Problem description: The entries shown here must be retyped in full, with no pictures included.

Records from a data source
┄┄┄┄┄┄┄┄┄┄

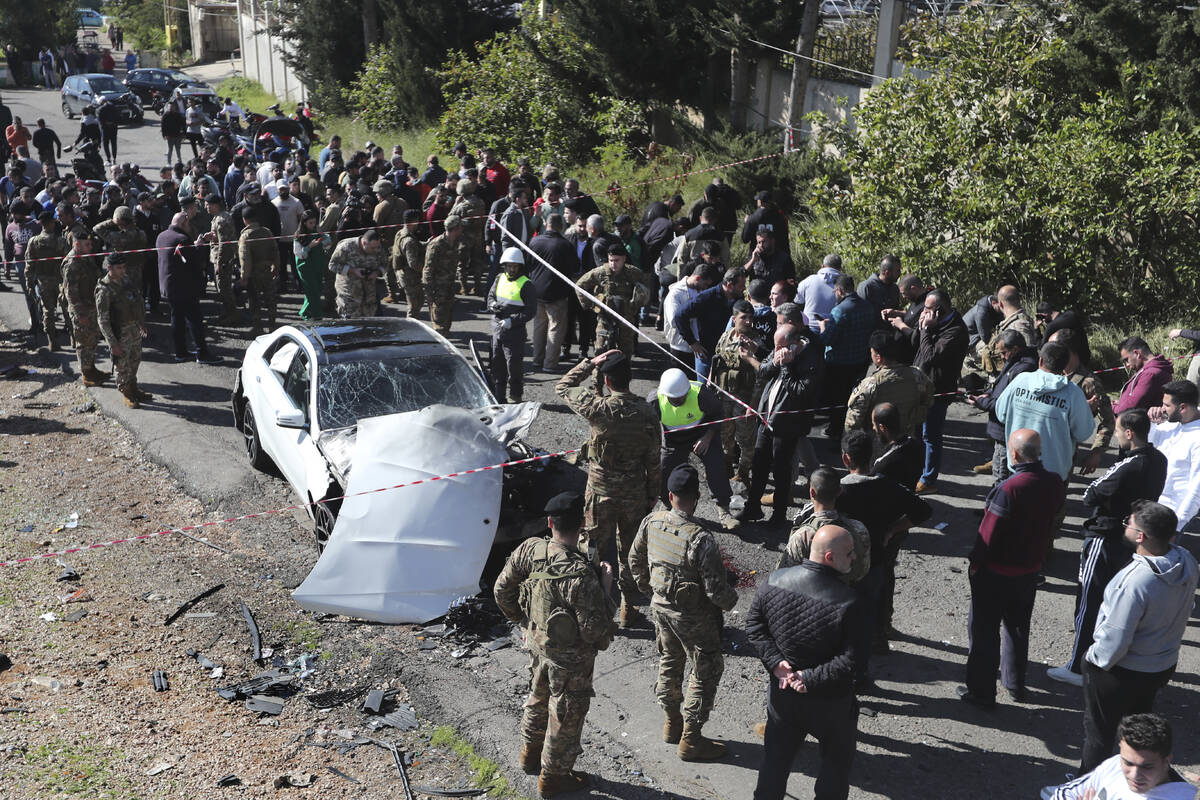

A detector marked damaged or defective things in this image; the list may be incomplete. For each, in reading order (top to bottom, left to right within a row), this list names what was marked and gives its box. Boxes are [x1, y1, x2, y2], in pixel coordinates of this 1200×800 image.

damaged white car [230, 319, 580, 551]
shattered windshield [319, 347, 492, 429]
crushed car hood [292, 407, 523, 623]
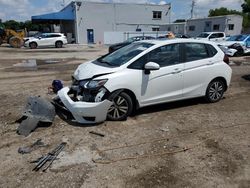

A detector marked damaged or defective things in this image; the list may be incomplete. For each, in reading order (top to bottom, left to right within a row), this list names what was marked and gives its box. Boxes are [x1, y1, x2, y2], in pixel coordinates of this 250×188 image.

damaged white car [55, 39, 231, 124]
detached bumper piece on ground [16, 96, 55, 136]
crumpled front bumper [57, 87, 112, 125]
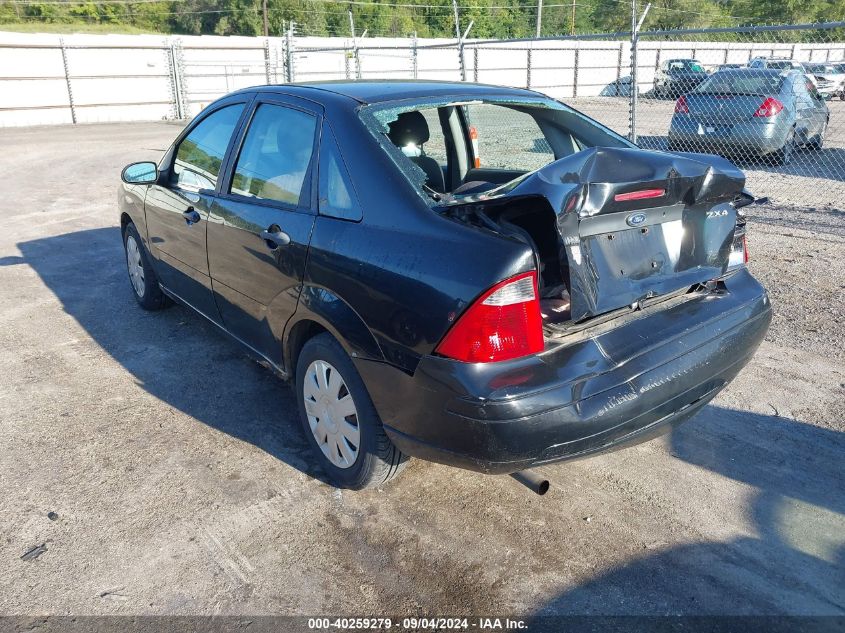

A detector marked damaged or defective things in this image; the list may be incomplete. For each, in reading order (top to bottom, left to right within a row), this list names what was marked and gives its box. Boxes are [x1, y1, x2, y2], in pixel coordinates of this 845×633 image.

shattered rear windshield [358, 95, 632, 204]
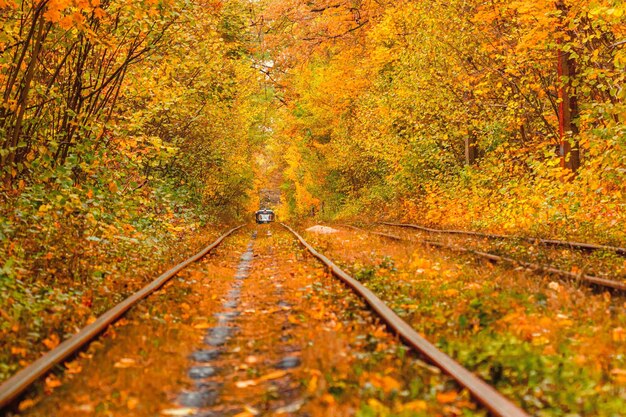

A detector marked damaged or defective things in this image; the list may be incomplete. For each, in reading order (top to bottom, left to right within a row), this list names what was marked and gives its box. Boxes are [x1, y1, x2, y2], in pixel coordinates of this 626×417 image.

rusty rail [0, 224, 244, 410]
rusty rail [282, 224, 528, 416]
rusty rail [344, 224, 620, 292]
rusty rail [378, 219, 620, 255]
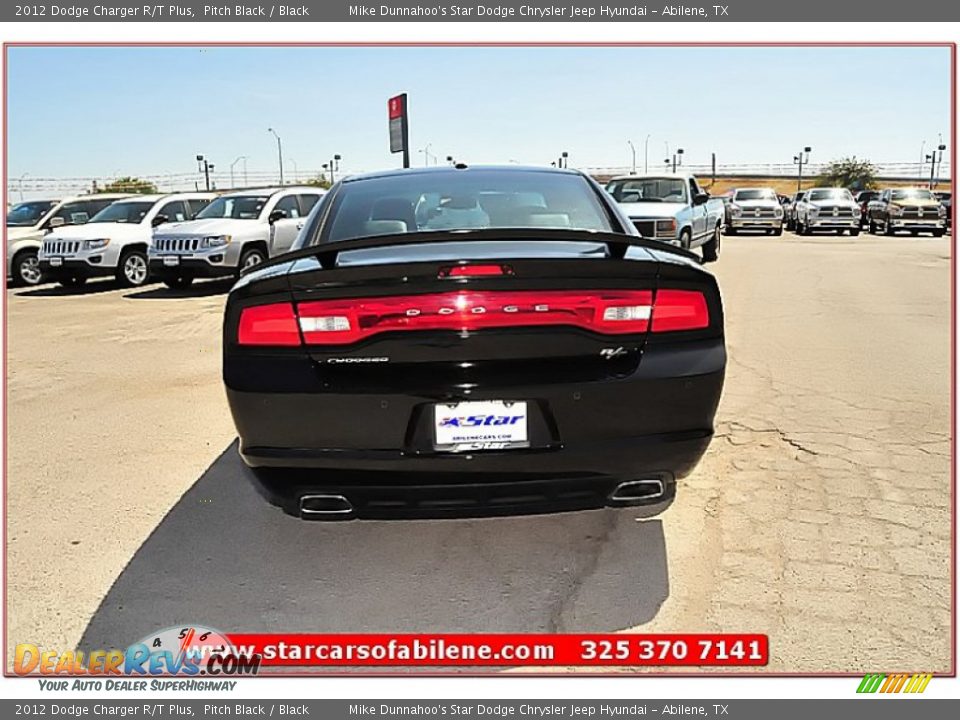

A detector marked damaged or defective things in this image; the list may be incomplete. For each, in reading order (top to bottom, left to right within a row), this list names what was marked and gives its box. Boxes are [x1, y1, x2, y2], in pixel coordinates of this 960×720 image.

cracked pavement [7, 232, 952, 676]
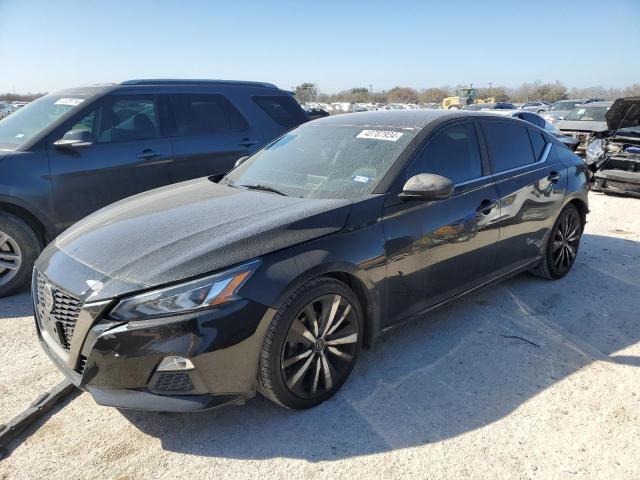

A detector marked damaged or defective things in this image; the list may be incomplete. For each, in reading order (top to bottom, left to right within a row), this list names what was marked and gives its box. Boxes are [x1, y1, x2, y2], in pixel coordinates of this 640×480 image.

damaged hood [604, 96, 640, 130]
damaged hood [48, 177, 352, 294]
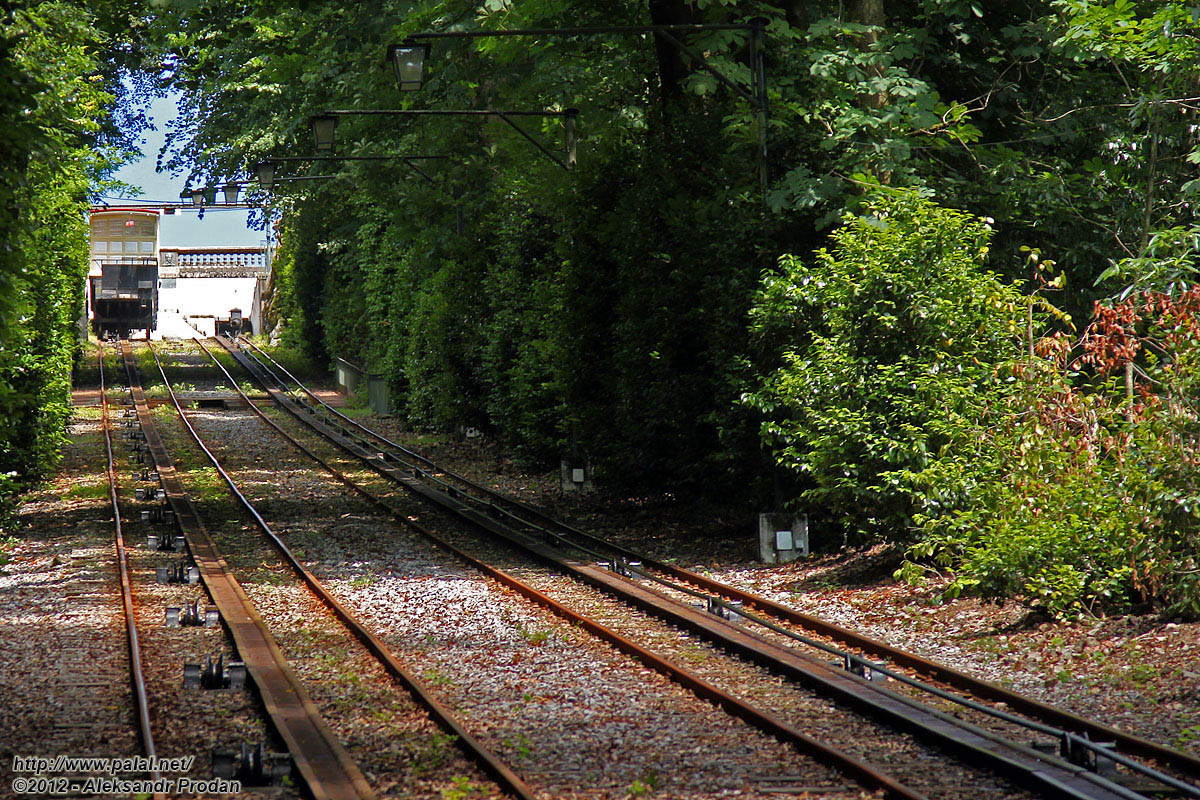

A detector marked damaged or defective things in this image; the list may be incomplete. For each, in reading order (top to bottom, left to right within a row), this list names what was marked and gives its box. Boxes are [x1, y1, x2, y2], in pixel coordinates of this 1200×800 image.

rusty rail [117, 340, 372, 800]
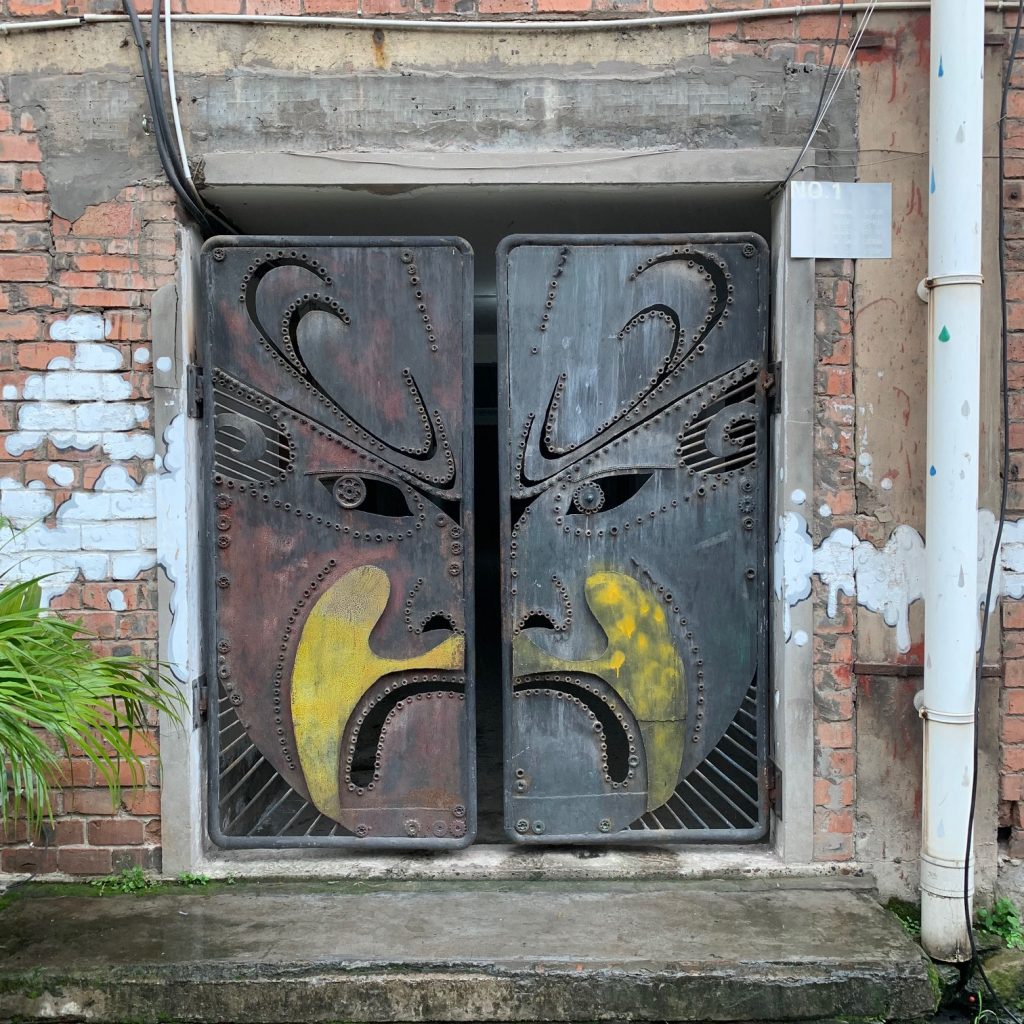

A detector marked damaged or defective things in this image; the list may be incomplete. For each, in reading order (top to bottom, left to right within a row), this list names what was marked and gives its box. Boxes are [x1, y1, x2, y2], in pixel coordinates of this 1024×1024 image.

rusty metal surface [199, 239, 475, 847]
rusty metal surface [495, 235, 770, 843]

┄┄┄┄┄┄┄┄┄┄

Solution to the problem:
A detector marked damaged or defective things in this image; the list may be incomplete. For each, in reading order (top to bottom, left to right within a row), this list names what was marked and gives its box. Boxes are [x1, y1, x2, y2], in pixel coordinates of this 1200×800 image.

damaged white car [230, 319, 580, 551]
shattered windshield [319, 347, 492, 429]
crushed car hood [292, 407, 523, 623]

A detector marked damaged or defective things in this image; the list may be incomplete. For each, in reading order (top to bottom, left to right within a row), this list names what was marked and gives its box. Boxes are [x1, y1, x2, y2], in pixel coordinates of this 250×188 image.

damaged white car [55, 39, 231, 124]
detached bumper piece on ground [16, 96, 55, 136]
crumpled front bumper [57, 87, 112, 125]

A detector marked damaged or defective things in this image; the list may be incomplete. For each, in reading order (top to bottom, left to right within a row), this list names what was marked and gives its box. Boxes are [x1, y1, x2, y2], in pixel coordinates of this 845×633 image.

shattered rear windshield [358, 95, 632, 204]

A detector marked damaged or defective things in this image; the list may be incomplete. For each, in reading order (top to bottom, left to right within a row), this list names what was marked and gives its box. Boxes are [x1, y1, x2, y2], in pixel coordinates of this 626×417 image.

rusty rail [0, 224, 244, 410]
rusty rail [282, 224, 528, 416]
rusty rail [344, 224, 620, 292]
rusty rail [378, 219, 620, 255]

A detector marked damaged or defective things in this image; the list may be incomplete. For each, in reading order (top to bottom, left to right within a row), this list names what was marked and gives its box. Boxes are [x1, y1, x2, y2], in pixel coordinates of this 960×720 image.

cracked pavement [7, 232, 952, 676]

A detector marked damaged or defective things in this image; the list may be incomplete. For each, in reading order (top to bottom, left to right within a row), this list names what was marked and gives its box. Boxes are [x1, y1, x2, y2], in pixel coordinates of this 640×480 image.

damaged hood [604, 96, 640, 130]
damaged hood [48, 177, 352, 294]

A detector marked damaged or defective things in this image; the list may be incomplete. For each, in reading order (top to bottom, left to right within a row), this list names what was marked and gives its box. Boxes are [x1, y1, x2, y2], in pixel coordinates of this 1200×800 image.

rusty rail [117, 340, 372, 800]

A detector marked damaged or defective things in this image; the list may be incomplete. For each, in reading order (top to bottom, left to right within a row), this list names what was marked and gives its box. Boxes are [x1, y1, x2, y2], in pixel coordinates of this 1024×1024 image.

rusty metal surface [199, 239, 475, 847]
rusty metal surface [495, 235, 770, 843]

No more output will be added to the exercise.